Why is family medicine so important to health care in the United States (and the world)?

One way to lower the expense of health care is to reduce the need for life-saving interventions provided in emergency rooms. Preventative care is the best way for patients to maintain good health and reduce the need for expensive tests and procedures. Primary care can help promote healthy lifestyles that are sustainable throughout a patient's life. In this way, family medicine doctors are able to have a more permanent and lasting impact on the quality of life of their patients.


Vicki Otaño

LMSA Student Liaison -- Victoria Otaño

Medical school: University of Kansas School of Medicine
Year: MS4

About Vicki

What is your favorite thing about family medicine?

My favorite thing about becoming a family physician is the connection with our community. During my years in medical school, I‘ve learned the needs of the community define the health of our patients. Providing access to care and being involved in communities has had a huge impact not only on who I am today, but most importantly, on who I want to become. The most exciting aspects of family medicine are being able to follow families at different stages of their lives and watch them grow and overcome difficulties, and empowering them to make healthy decisions. I cannot wait to care for families and celebrate the small things in life together.

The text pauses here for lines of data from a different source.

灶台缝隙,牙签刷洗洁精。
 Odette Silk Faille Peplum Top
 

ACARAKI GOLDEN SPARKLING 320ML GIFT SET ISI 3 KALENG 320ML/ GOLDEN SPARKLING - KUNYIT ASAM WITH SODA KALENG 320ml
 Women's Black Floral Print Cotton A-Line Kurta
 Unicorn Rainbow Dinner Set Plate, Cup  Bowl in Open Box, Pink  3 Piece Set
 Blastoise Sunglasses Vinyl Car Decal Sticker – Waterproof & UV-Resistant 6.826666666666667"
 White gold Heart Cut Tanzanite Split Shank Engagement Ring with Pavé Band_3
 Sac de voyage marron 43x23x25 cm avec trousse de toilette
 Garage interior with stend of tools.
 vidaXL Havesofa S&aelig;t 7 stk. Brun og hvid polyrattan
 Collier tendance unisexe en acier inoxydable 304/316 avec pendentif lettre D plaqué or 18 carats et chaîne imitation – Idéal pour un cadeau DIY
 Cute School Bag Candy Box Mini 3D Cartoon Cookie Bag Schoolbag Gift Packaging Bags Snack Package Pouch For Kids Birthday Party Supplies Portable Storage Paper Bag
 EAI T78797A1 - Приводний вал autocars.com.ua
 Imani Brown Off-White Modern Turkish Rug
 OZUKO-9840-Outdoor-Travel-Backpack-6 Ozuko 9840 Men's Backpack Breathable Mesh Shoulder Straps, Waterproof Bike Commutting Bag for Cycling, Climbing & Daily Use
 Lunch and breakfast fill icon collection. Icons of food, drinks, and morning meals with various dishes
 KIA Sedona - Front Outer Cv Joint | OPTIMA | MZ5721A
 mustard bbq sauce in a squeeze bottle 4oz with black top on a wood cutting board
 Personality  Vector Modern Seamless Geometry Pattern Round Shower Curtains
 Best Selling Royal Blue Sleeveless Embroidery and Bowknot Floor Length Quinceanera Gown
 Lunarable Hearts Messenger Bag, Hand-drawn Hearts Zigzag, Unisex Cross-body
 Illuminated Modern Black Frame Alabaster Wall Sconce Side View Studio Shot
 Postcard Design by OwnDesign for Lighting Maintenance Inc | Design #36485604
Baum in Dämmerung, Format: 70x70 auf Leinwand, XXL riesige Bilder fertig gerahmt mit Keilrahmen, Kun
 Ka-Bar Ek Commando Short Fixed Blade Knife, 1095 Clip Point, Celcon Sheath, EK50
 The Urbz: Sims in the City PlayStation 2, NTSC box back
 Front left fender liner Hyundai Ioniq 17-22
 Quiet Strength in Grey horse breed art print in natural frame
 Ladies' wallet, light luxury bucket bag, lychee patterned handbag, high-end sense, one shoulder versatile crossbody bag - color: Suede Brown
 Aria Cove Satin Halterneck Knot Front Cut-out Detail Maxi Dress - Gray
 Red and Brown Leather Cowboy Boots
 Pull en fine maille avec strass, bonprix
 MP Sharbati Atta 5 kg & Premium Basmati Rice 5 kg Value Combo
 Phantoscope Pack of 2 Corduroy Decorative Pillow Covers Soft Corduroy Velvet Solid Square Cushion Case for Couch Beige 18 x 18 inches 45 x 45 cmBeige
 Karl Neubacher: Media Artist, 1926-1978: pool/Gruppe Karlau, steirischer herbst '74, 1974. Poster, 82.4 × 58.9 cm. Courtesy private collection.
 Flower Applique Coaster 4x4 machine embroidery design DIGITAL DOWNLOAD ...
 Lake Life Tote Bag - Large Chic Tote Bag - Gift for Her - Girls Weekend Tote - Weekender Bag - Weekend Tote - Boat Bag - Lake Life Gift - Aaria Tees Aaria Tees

Why is family medicine so important to health care in the United States (and the world)?

I believe family medicine makes an incredible impact in the lives of patients and in communities. Being able to call somebody “my doctor” should not be a privilege of a few. Having somebody to turn to for information, comfort, and support is an important aspect of the health of an individual. I consider prevention of health problems a key to a healthier future, and family physicians are in an excellent position to make a difference. Family doctors not only care for the patient’s health status, but also consider the person as a whole. We strive to care for our patient’s mental health, understand the social-economical context they live in, and provide support in every aspect of a person’s life.